** Data shown follows **

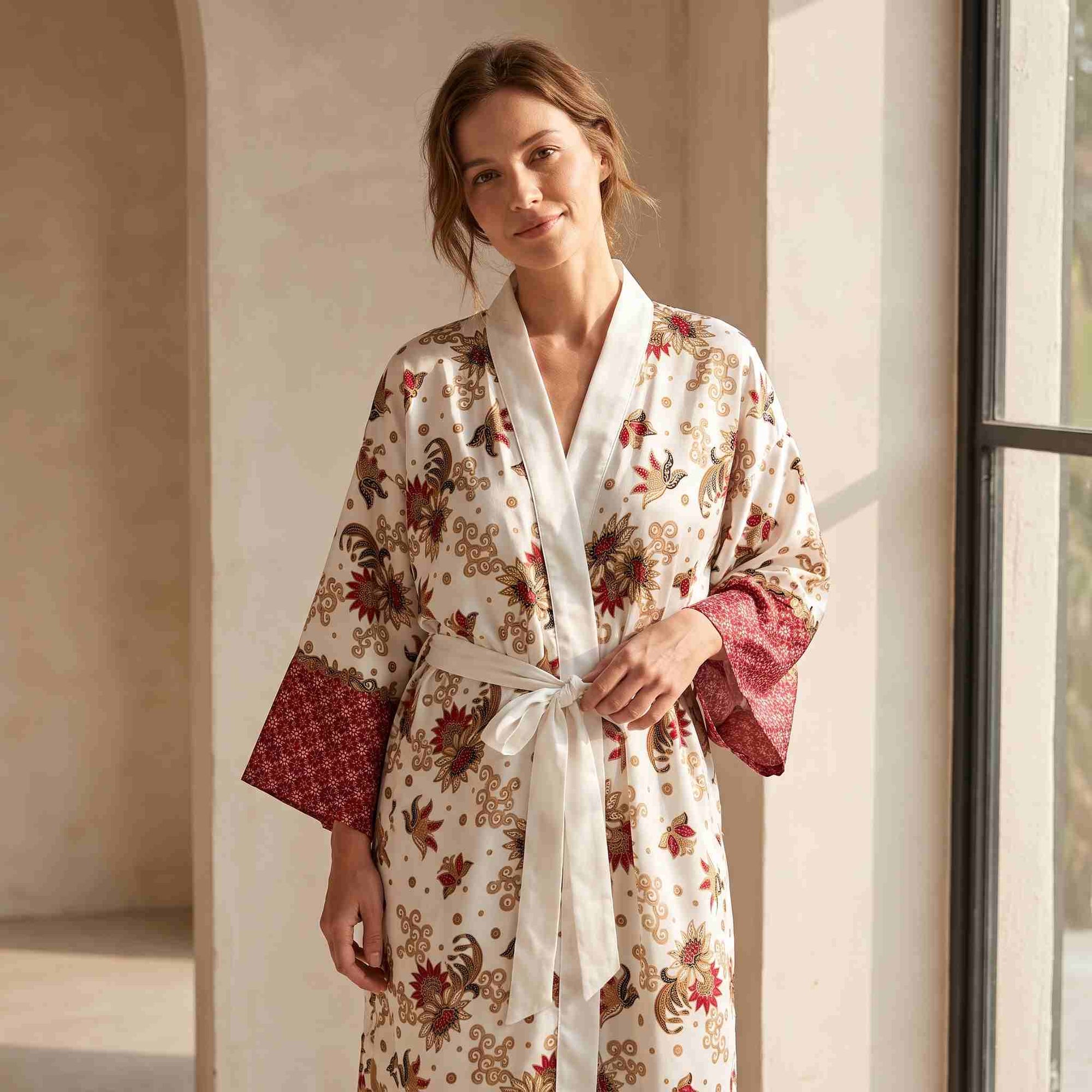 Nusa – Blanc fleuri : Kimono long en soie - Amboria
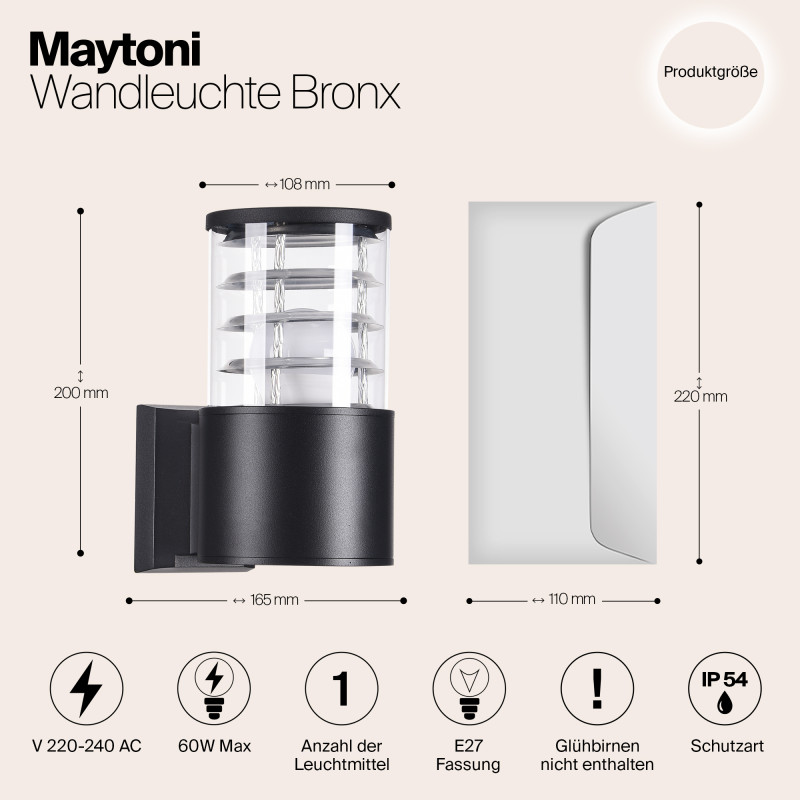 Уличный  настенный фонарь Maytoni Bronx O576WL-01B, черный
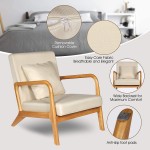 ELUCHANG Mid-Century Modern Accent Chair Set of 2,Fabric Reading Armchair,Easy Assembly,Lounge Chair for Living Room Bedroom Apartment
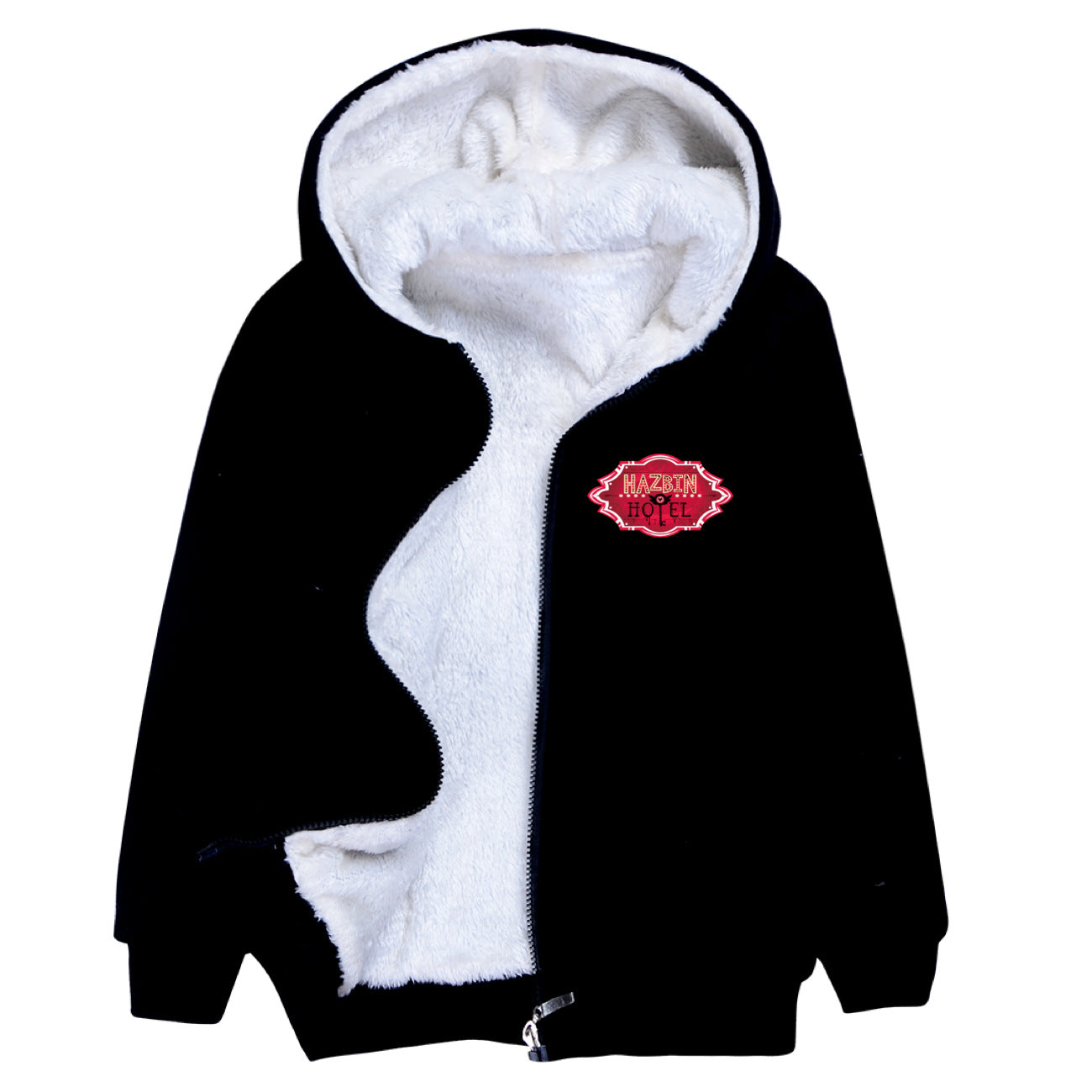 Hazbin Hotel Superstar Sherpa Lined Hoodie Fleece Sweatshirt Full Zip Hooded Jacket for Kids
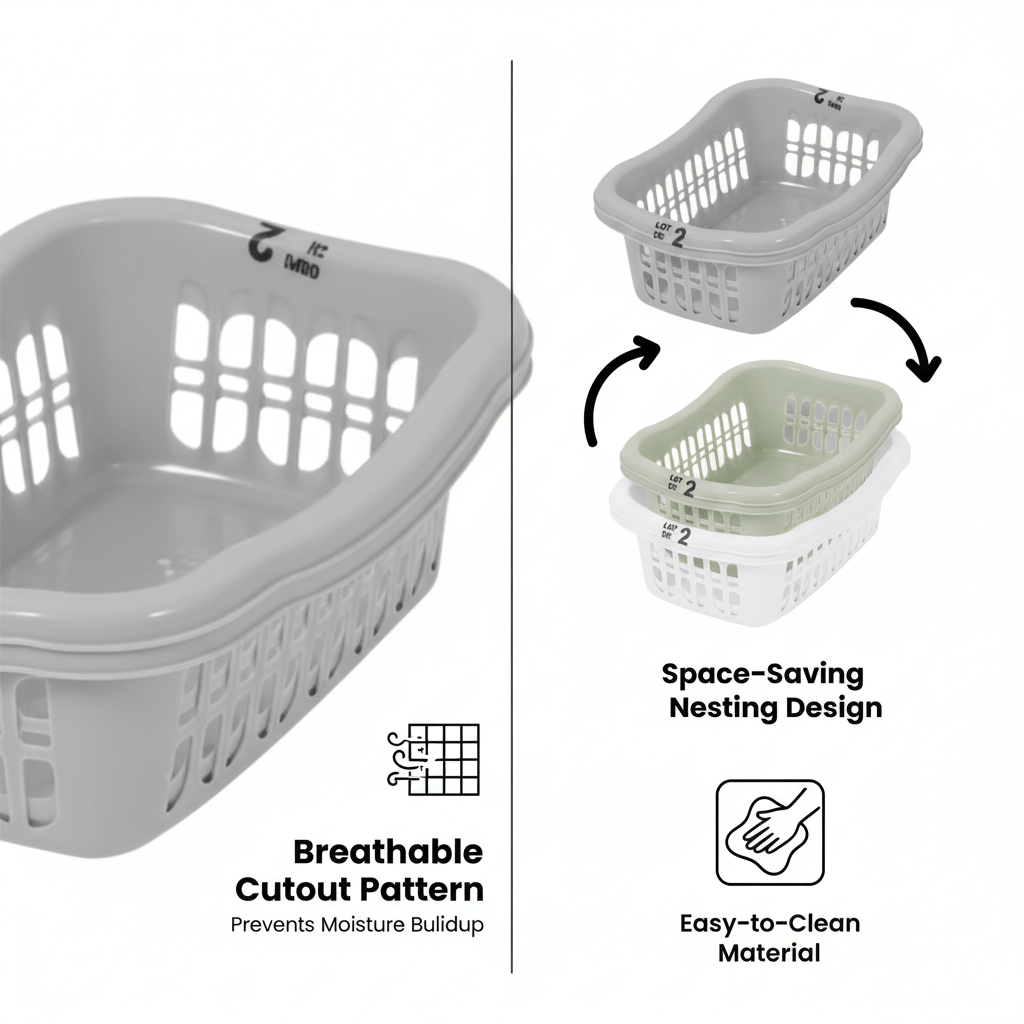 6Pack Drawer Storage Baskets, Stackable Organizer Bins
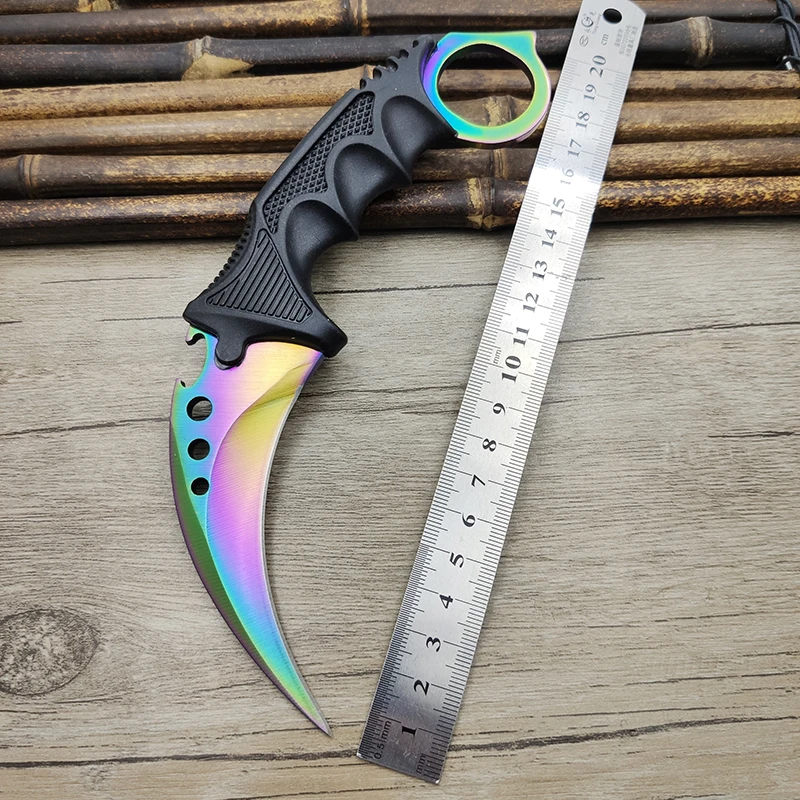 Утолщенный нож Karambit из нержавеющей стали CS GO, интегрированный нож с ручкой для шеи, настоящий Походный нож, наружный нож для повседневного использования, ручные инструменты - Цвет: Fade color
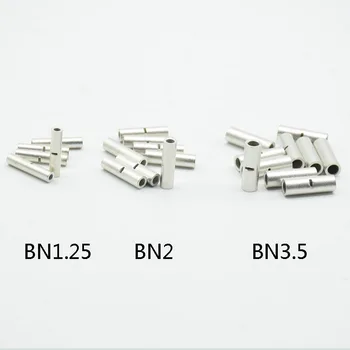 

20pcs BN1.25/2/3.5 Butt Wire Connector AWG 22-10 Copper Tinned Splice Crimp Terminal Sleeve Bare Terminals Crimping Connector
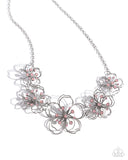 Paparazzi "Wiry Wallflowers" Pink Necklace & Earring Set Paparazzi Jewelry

** End of Data shown **

◆ Problem to solve ◆
With the pictures left out, write out exactly the lines from the line containing "Bronx O576WL-01B, черный" through the last line of the entries above, both ends included, and no others.

◆ Response box ◆
 Уличный  настенный фонарь Maytoni Bronx O576WL-01B, черный
 ELUCHANG Mid-Century Modern Accent Chair Set of 2,Fabric Reading Armchair,Easy Assembly,Lounge Chair for Living Room Bedroom Apartment
 Hazbin Hotel Superstar Sherpa Lined Hoodie Fleece Sweatshirt Full Zip Hooded Jacket for Kids
 6Pack Drawer Storage Baskets, Stackable Organizer Bins
 Утолщенный нож Karambit из нержавеющей стали CS GO, интегрированный нож с ручкой для шеи, настоящий Походный нож, наружный нож для повседневного использования, ручные инструменты - Цвет: Fade color

20pcs BN1.25/2/3.5 Butt Wire Connector AWG 22-10 Copper Tinned Splice Crimp Terminal Sleeve Bare Terminals Crimping Connector
 Paparazzi "Wiry Wallflowers" Pink Necklace & Earring Set Paparazzi Jewelry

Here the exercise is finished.